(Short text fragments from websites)
[Start of section]
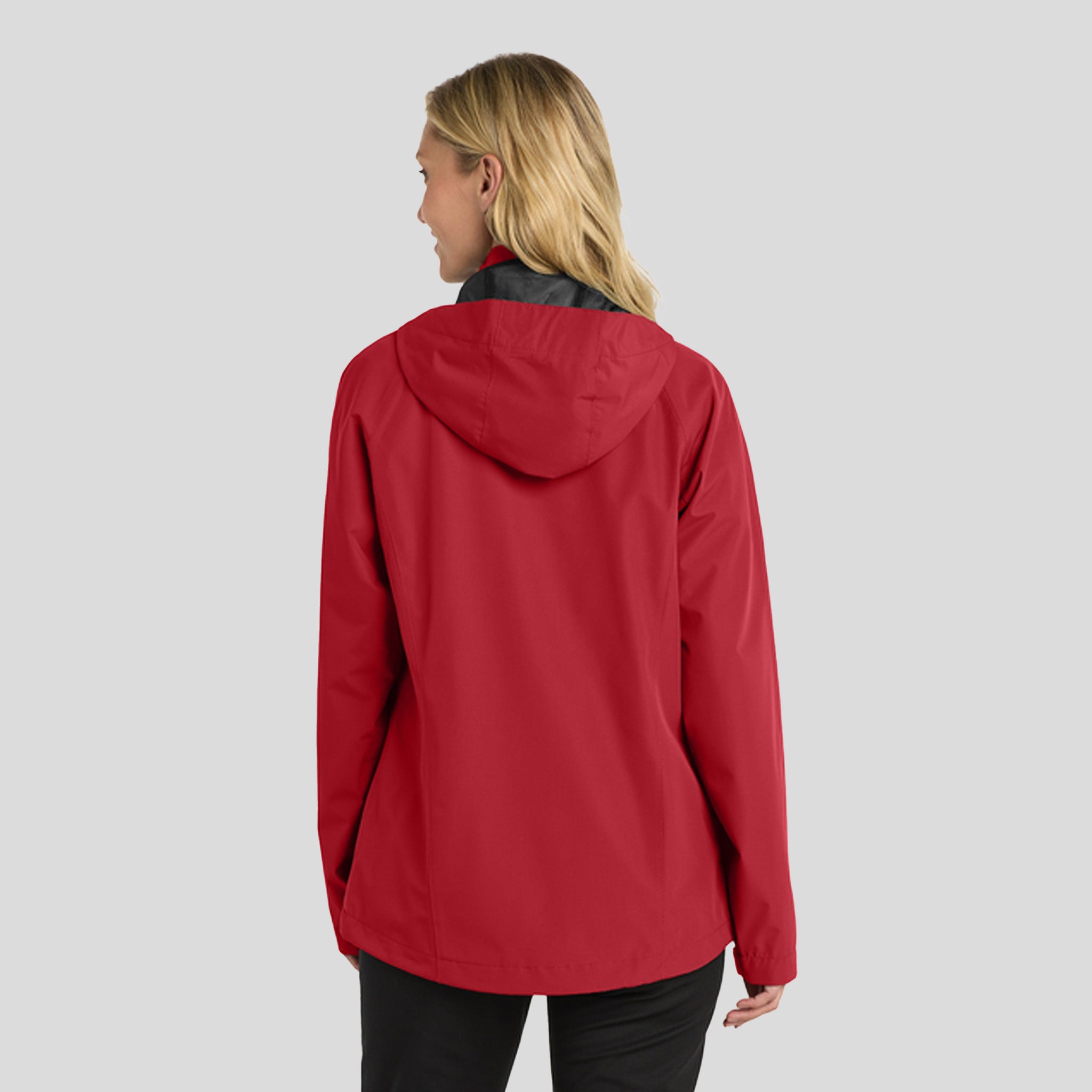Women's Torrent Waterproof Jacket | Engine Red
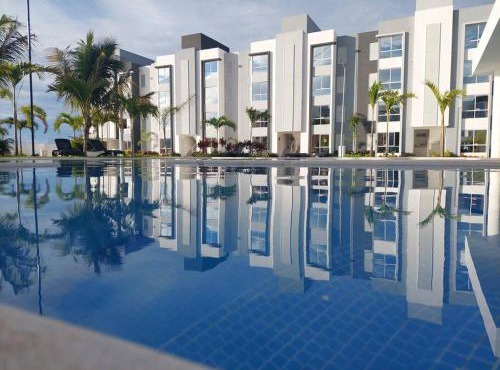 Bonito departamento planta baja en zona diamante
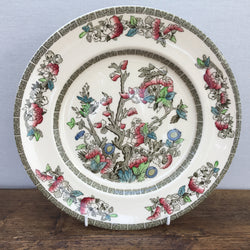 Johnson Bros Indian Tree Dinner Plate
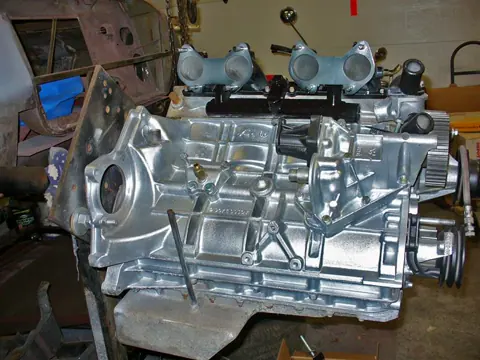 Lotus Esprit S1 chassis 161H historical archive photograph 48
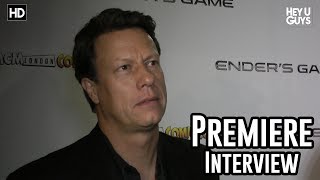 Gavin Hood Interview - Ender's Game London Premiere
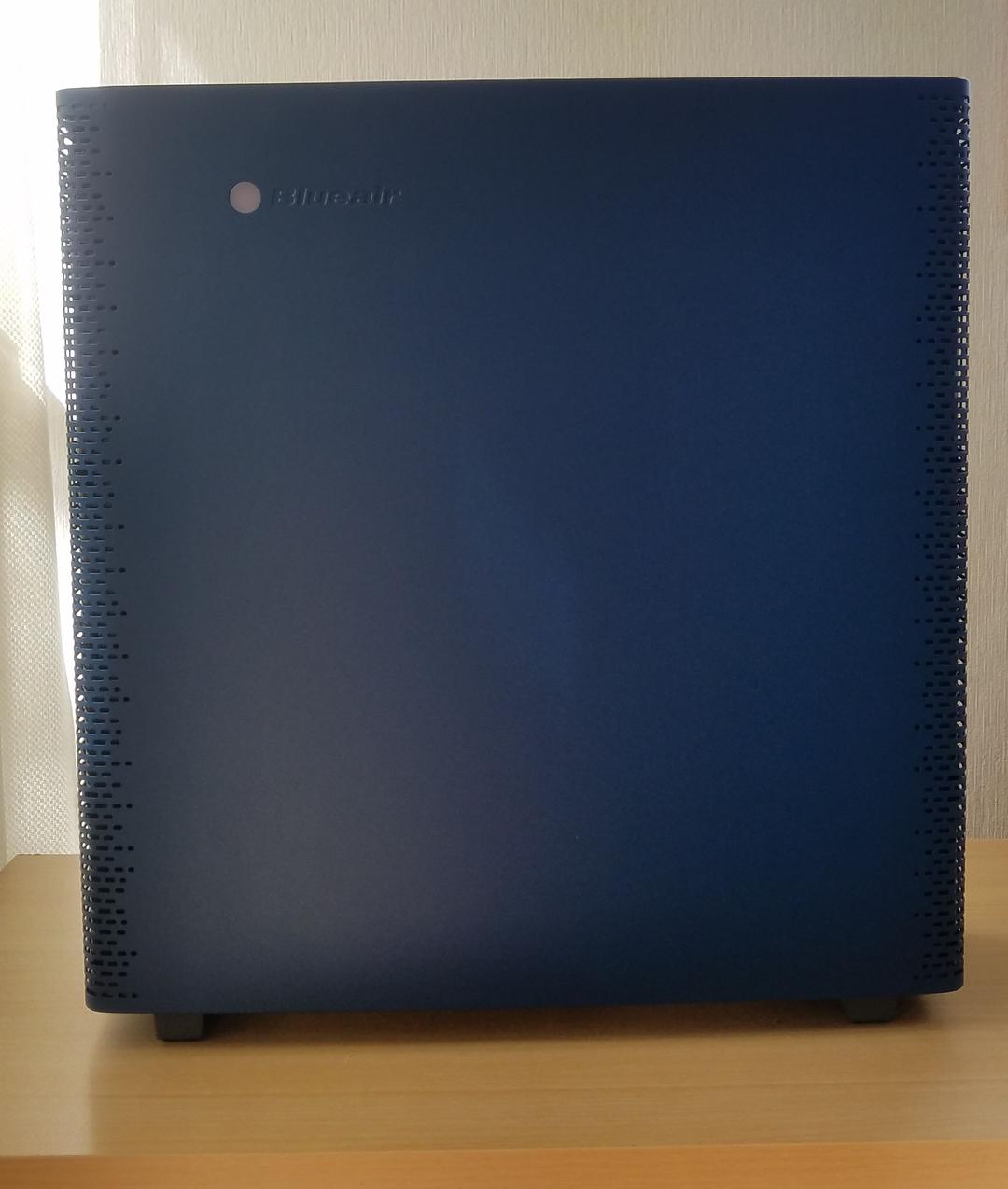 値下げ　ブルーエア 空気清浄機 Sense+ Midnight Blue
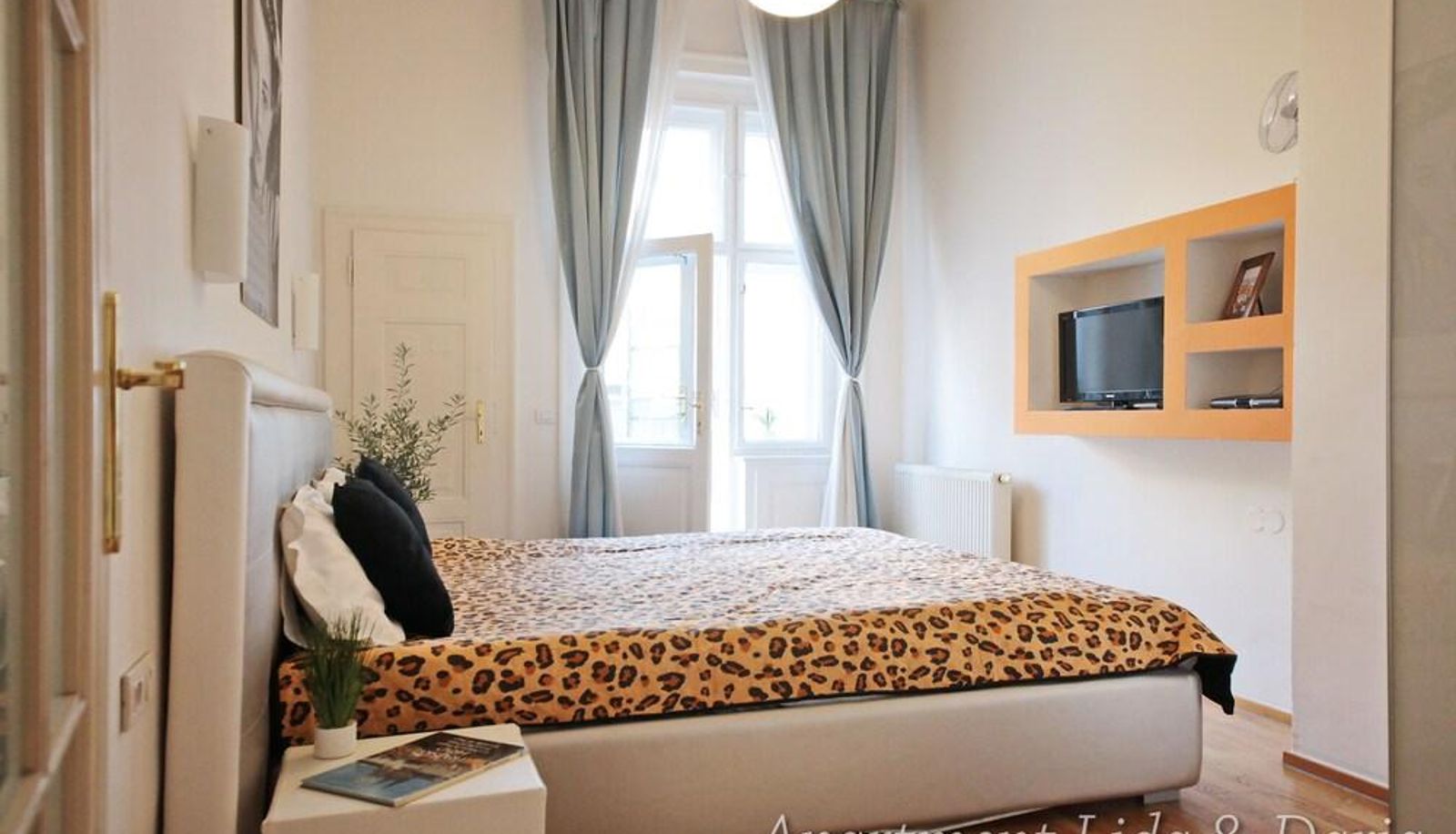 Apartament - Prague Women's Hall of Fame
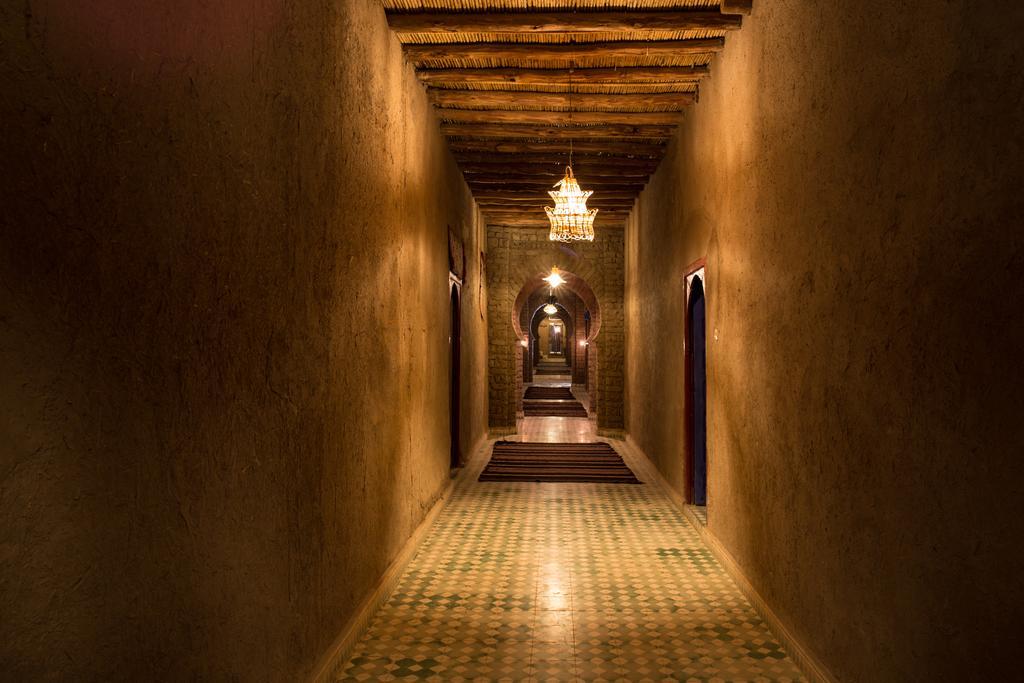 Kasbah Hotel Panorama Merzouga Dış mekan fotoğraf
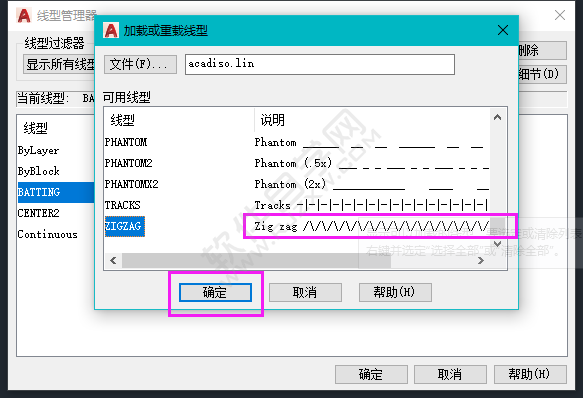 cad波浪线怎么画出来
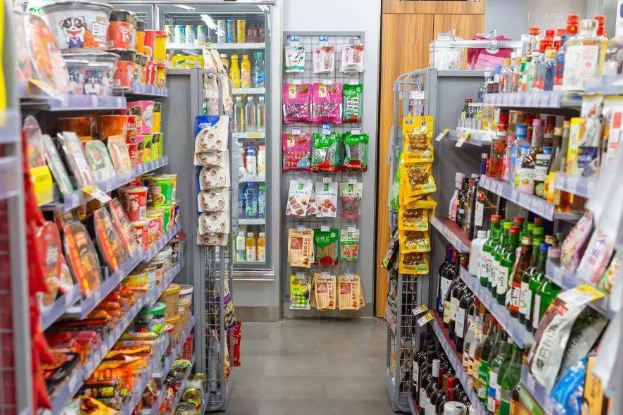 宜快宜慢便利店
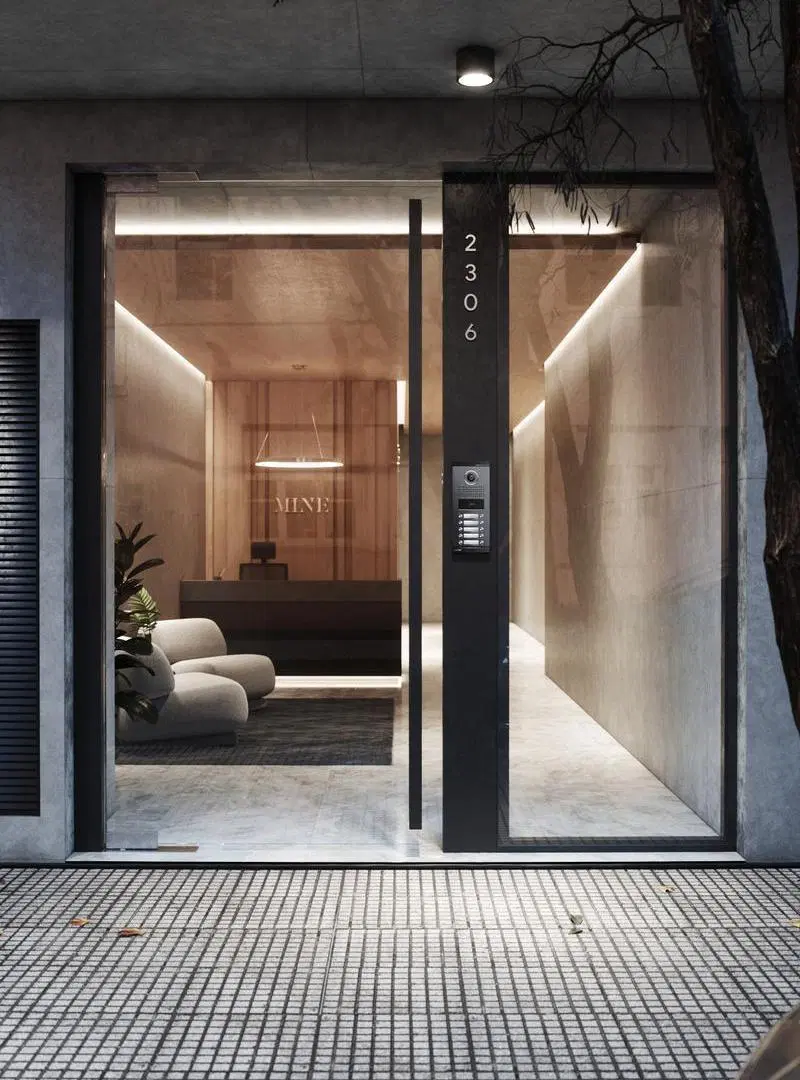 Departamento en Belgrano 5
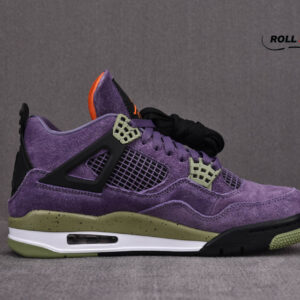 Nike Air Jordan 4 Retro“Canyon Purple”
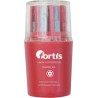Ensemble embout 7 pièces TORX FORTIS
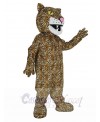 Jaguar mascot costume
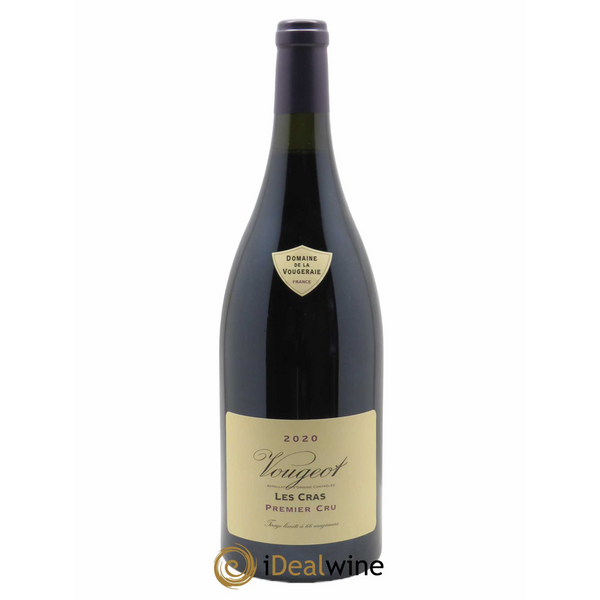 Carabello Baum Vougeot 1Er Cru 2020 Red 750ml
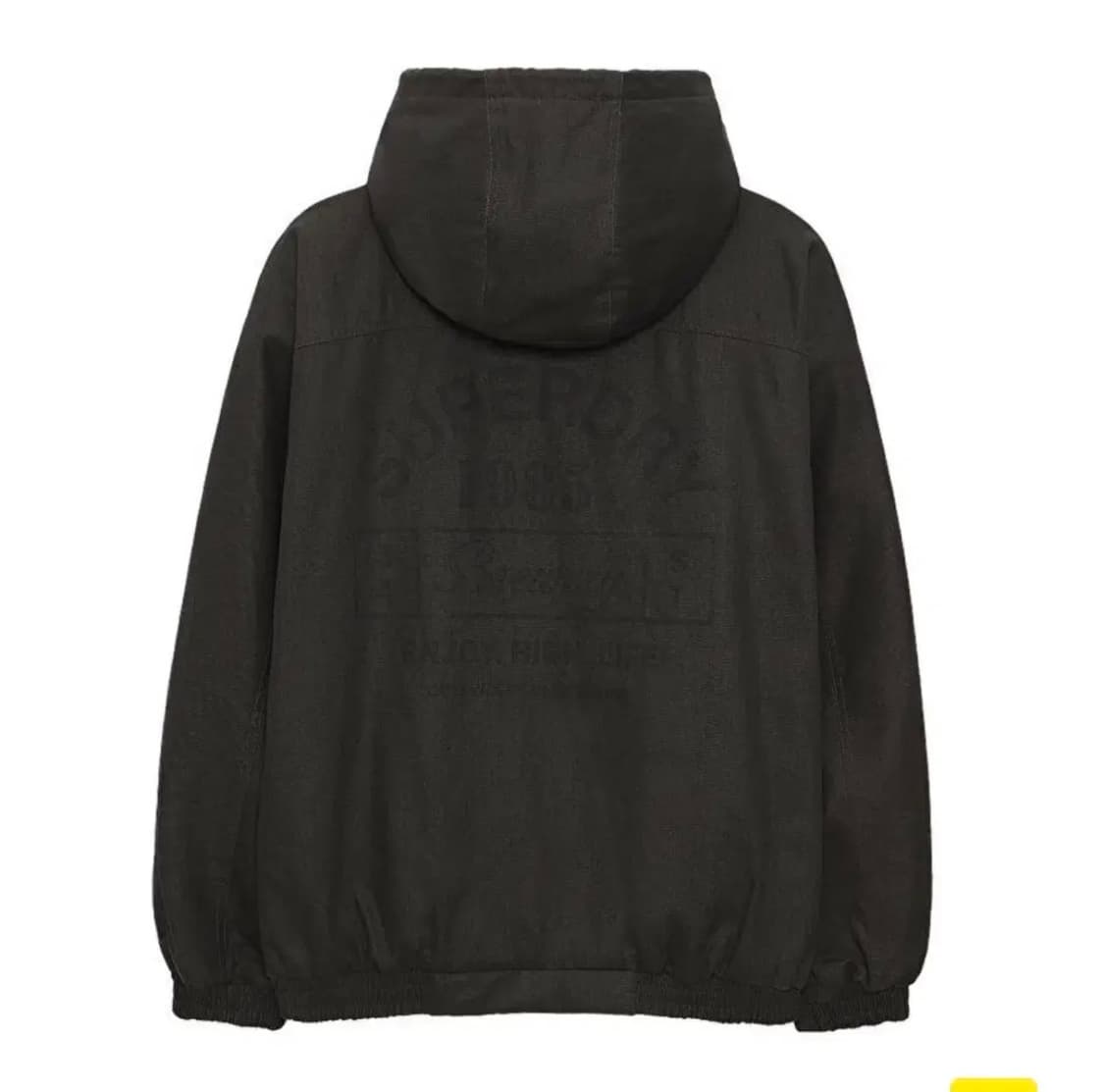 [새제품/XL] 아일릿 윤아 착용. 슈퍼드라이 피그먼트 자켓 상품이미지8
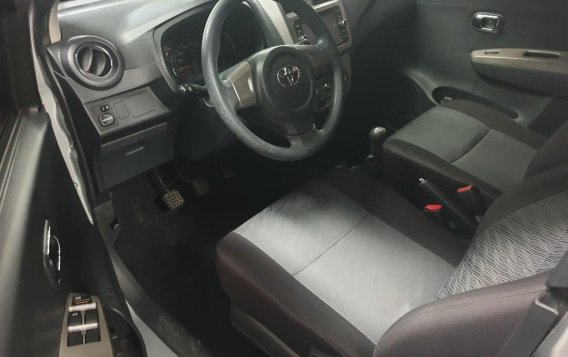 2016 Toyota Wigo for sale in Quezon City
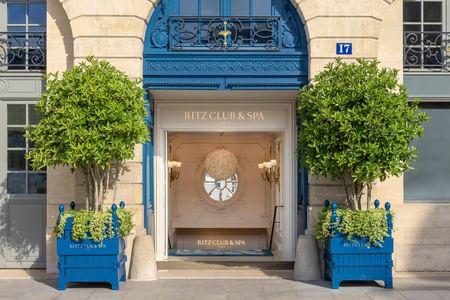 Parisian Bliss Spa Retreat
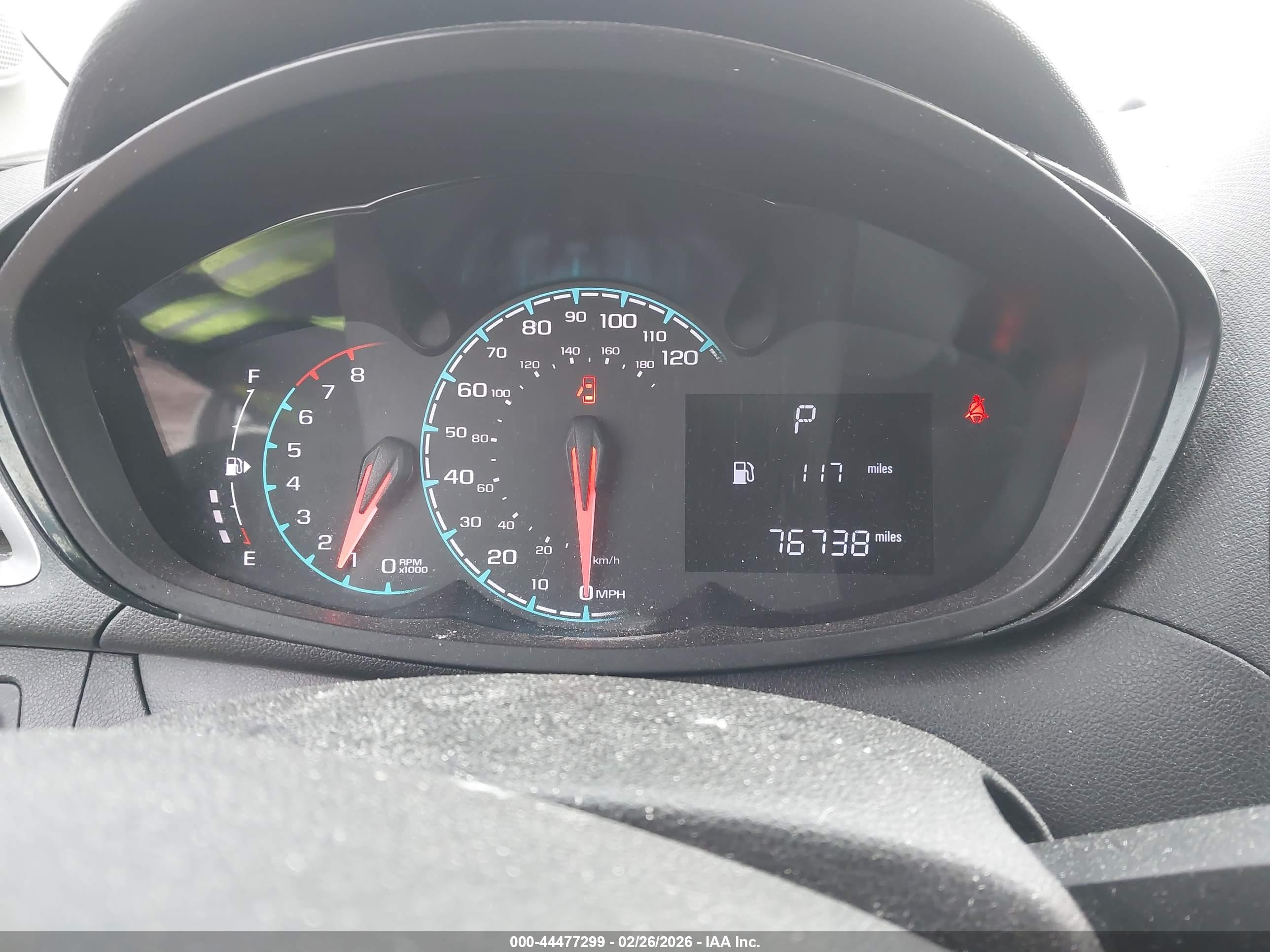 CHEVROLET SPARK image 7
[End of section]
Repeat the data word for word, excluding any image.

▶ **TASK SOLUTION**
Women's Torrent Waterproof Jacket | Engine Red
 Bonito departamento planta baja en zona diamante
 Johnson Bros Indian Tree Dinner Plate
 Lotus Esprit S1 chassis 161H historical archive photograph 48
 Gavin Hood Interview - Ender's Game London Premiere
 値下げ　ブルーエア 空気清浄機 Sense+ Midnight Blue
 Apartament - Prague Women's Hall of Fame
 Kasbah Hotel Panorama Merzouga Dış mekan fotoğraf
 cad波浪线怎么画出来
 宜快宜慢便利店
 Departamento en Belgrano 5
 Nike Air Jordan 4 Retro“Canyon Purple”
Ensemble embout 7 pièces TORX FORTIS
 Jaguar mascot costume
 Carabello Baum Vougeot 1Er Cru 2020 Red 750ml
 [새제품/XL] 아일릿 윤아 착용. 슈퍼드라이 피그먼트 자켓 상품이미지8
 2016 Toyota Wigo for sale in Quezon City
 Parisian Bliss Spa Retreat
 CHEVROLET SPARK image 7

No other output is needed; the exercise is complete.